• _Exercise material_
──────────────────────────────
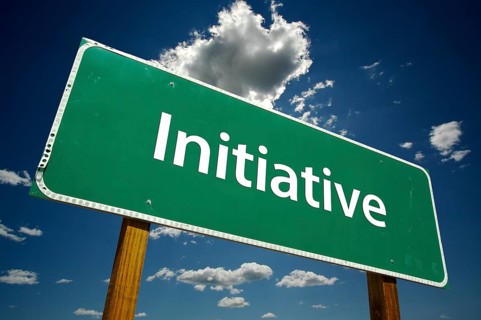 Initiative green road sign over dramatic blue sky and clouds with clipping path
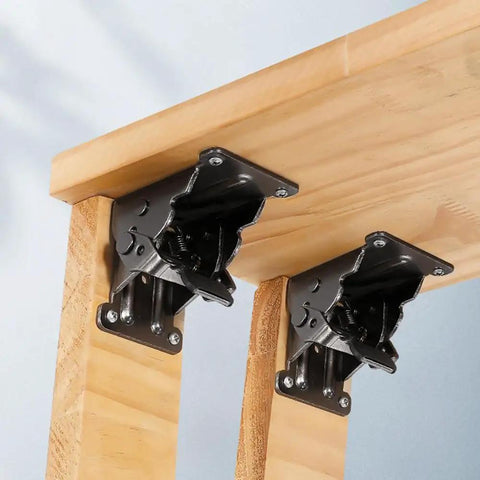 Close-up of Heavy Duty Four Piece Folding Brackets For Table And Bed Legs With Self Lock Hinge Hardware on wood.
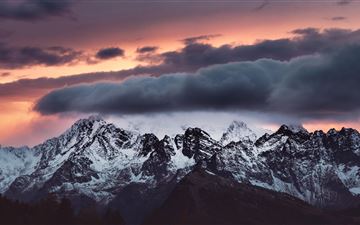 snow covered mountains clouds over it 5k All Mac wallpaper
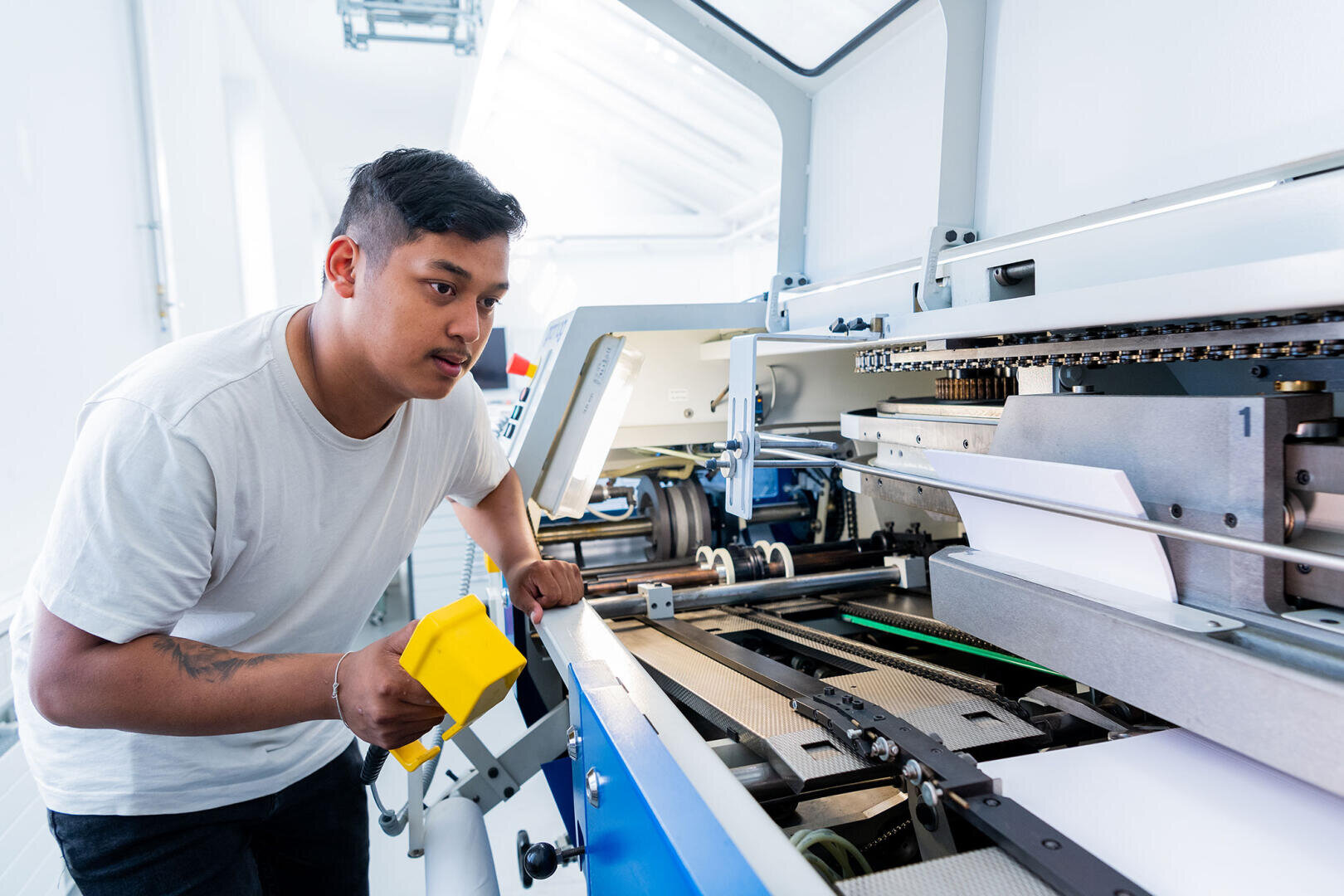 Ein Mann in einem weißen T-Shirt inspiziert in einer hell erleuchteten Industrieumgebung eine große, moderne Druckmaschine, in der sich Papierbögen befinden, und hält einen gelben Gegenstand in der Hand.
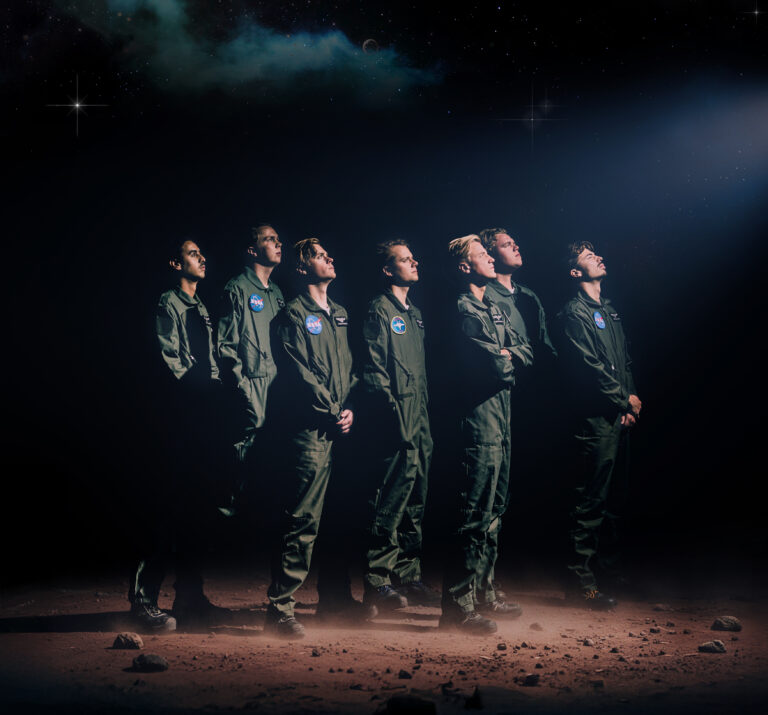 Zeven mannen in groene NASA pakken kijkend naar rechts naar het heelal.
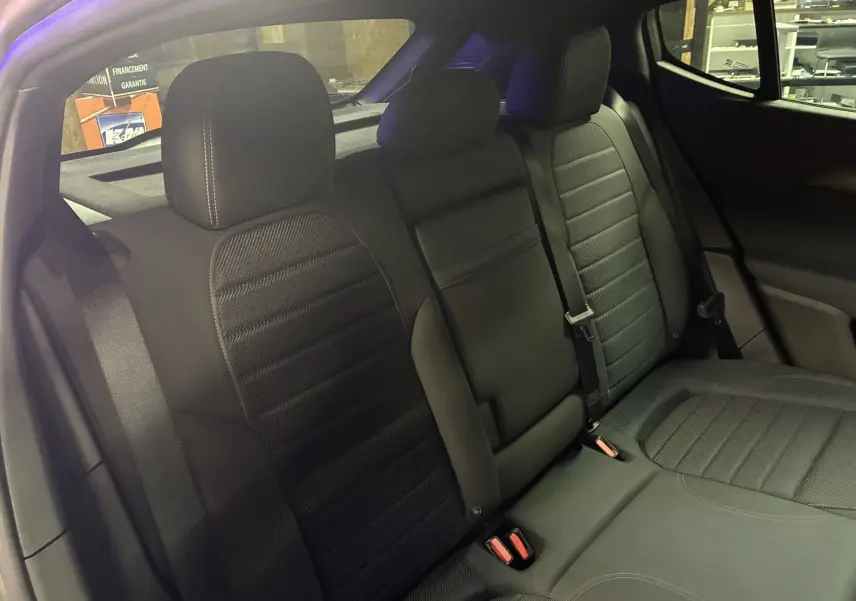 Vue intérieure des sièges arrière noirs en cuir de l'Alfa Romeo Tonale 1.3 PHEV 280 BVA TI, avec ceinture de sécurité visible.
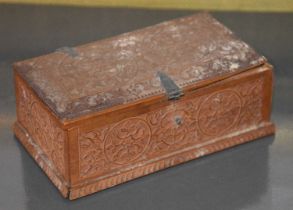 An Indian carved wood rectangular casket, decorated with roundels of flowers and foliage, 13cm wide.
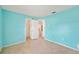 Bright bedroom with neutral tile, light blue walls, ceiling fan, and doorways to other rooms at 603 Reflections Loop, Winter Haven, FL 33884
──────────────────────────────
• _Activity_
Word for word, write out the full listing, leaving the pictures aside.

• _Answer to the problem_
 Initiative green road sign over dramatic blue sky and clouds with clipping path
 Close-up of Heavy Duty Four Piece Folding Brackets For Table And Bed Legs With Self Lock Hinge Hardware on wood.
 snow covered mountains clouds over it 5k All Mac wallpaper
 Ein Mann in einem weißen T-Shirt inspiziert in einer hell erleuchteten Industrieumgebung eine große, moderne Druckmaschine, in der sich Papierbögen befinden, und hält einen gelben Gegenstand in der Hand.
 Zeven mannen in groene NASA pakken kijkend naar rechts naar het heelal.
 Vue intérieure des sièges arrière noirs en cuir de l'Alfa Romeo Tonale 1.3 PHEV 280 BVA TI, avec ceinture de sécurité visible.
 An Indian carved wood rectangular casket, decorated with roundels of flowers and foliage, 13cm wide.
 Bright bedroom with neutral tile, light blue walls, ceiling fan, and doorways to other rooms at 603 Reflections Loop, Winter Haven, FL 33884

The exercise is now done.